Ces changements anticonstitutionnels ne sont pas tolérés par les organisations communautaires.
“…la tendance observée ces dernières années permet d’affirmer que la remise en cause des élections est devenue pour certains le seul moyen d’accéder au pouvoir.”
2. Une mode répudiée par les organisations régionales
Le rejet des changements anticonstitutionnels par les organisations régionales est matérialisé par l’adoption de plusieurs documents officiels. Au sein de l’Union africaine (UA), l’article 30 de l’Acte constitutif prévoit que « les gouvernements qui accèdent au pouvoir par des moyens anticonstitutionnels ne sont pas admis à participer aux activités de l’Union ». On peut également citer la Charte africaine de la démocratie, des élections et de la gouvernance qui condamne les changements anticonstitutionnels.
L’UA ne se contente plus de condamner ces changements dans des déclarations comme sa devancière. Elle impose des sanctions à l’encontre des États (suspension, restrictions commerciales, droit d’intervention, etc.) et des auteurs (refus de visas, gel des avoirs financiers, poursuite judiciaire), même si leur efficacité reste encore à prouver.
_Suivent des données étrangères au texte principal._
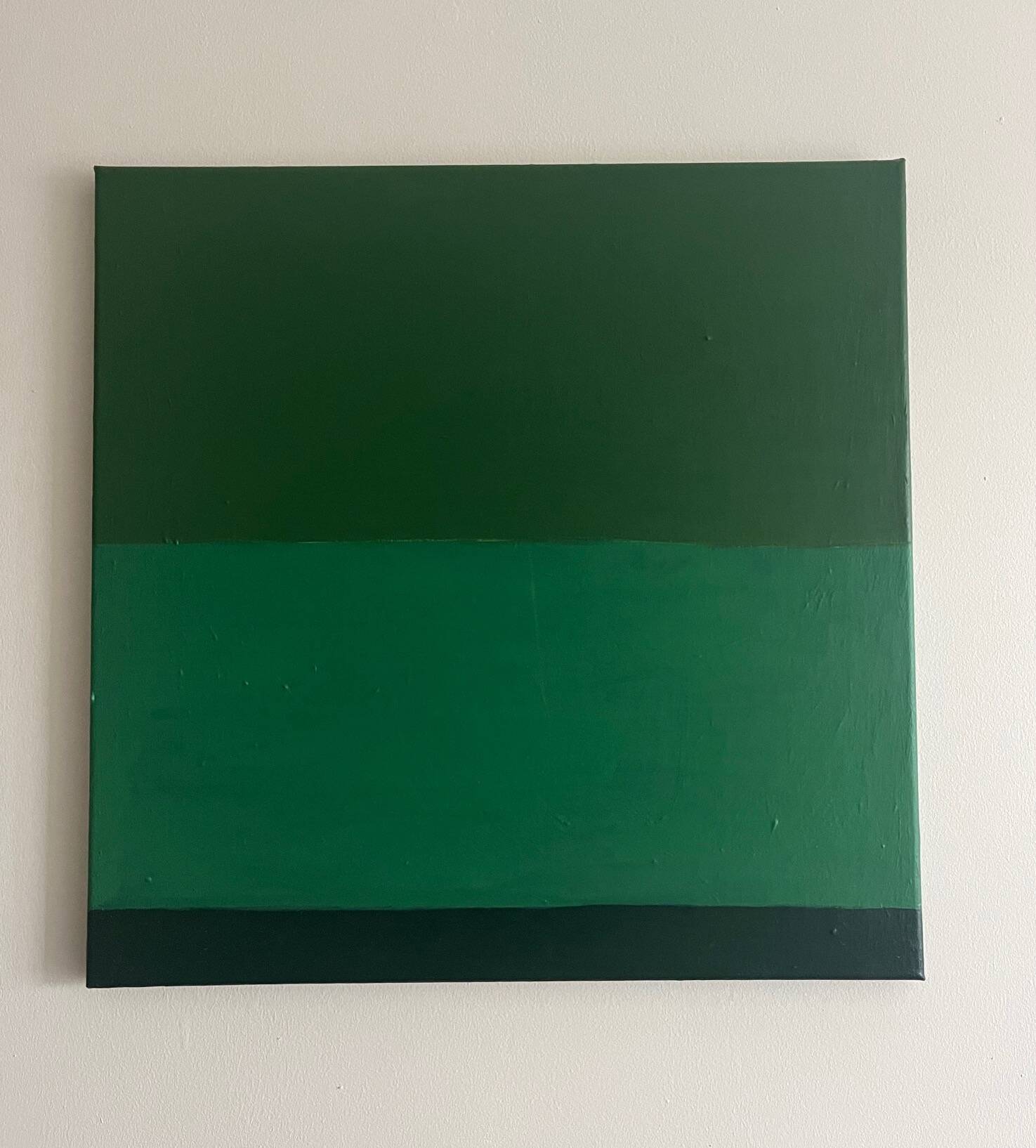 Peinture sur châssis "timeless green" pièce unique signée Bodasca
Au niveau sous régional, la Communauté économique des États de l’Afrique de l’Ouest (CEDEAO), s’est dotée d’un Protocole sur la Démocratie et la Bonne Gouvernance additionnel au protocole relatif au mécanisme de prévention, de gestion, de règlement des conflits, de maintien de la paix et de la sécurité qui dispose à son article premier alinéa (b) : « Toute accession au pouvoir doit se faire à travers des élections libres, honnêtes, et transparentes ». L’alinéa (c) renchérit que « Tout changement anticonstitutionnel est interdit de même que tout mode non démocratique d’accession ou de maintien au pouvoir ».
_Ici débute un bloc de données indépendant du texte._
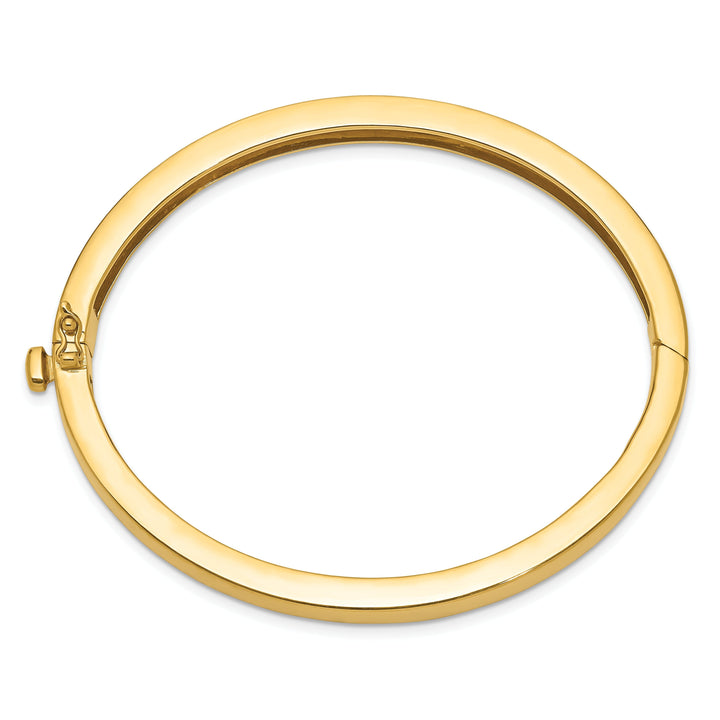 14k Yellow Gold Solid Hinged Bangle Bracelet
C’est conformément à ces instruments juridiques que les récents changements anticonstitutionnels ont été sanctionnés au Mali, au Burkina et en Guinée. Mais force est de constater que ces sanctions ne dissuadent pas les auteurs des coups de force. L’intervalle très court dans lequel sont intervenus les trois coups d’État est assez illustratif de cet état de fait. De plus, la pratique des instances régionales contraste avec le retour de l’ordre constitutionnel ancien.
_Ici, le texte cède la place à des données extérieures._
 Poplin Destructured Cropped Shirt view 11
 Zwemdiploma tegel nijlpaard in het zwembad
On assiste plutôt à un marchandage sur la durée de la transition en lieu et place de la restauration de l’ordre constitutionnel déchu. On peut aussi remarquer l’application à géométrie variable des sanctions, le Tchad par exemple n’a fait l’objet d’aucune sanction d’ordre économique. Les condamnations de principe répétées des changements anticonstitutionnels de gouvernement sont ainsi-elles ainsi suffisantes pour enraciner le respect de l’État de droit et de la hiérarchie des normes en Afrique?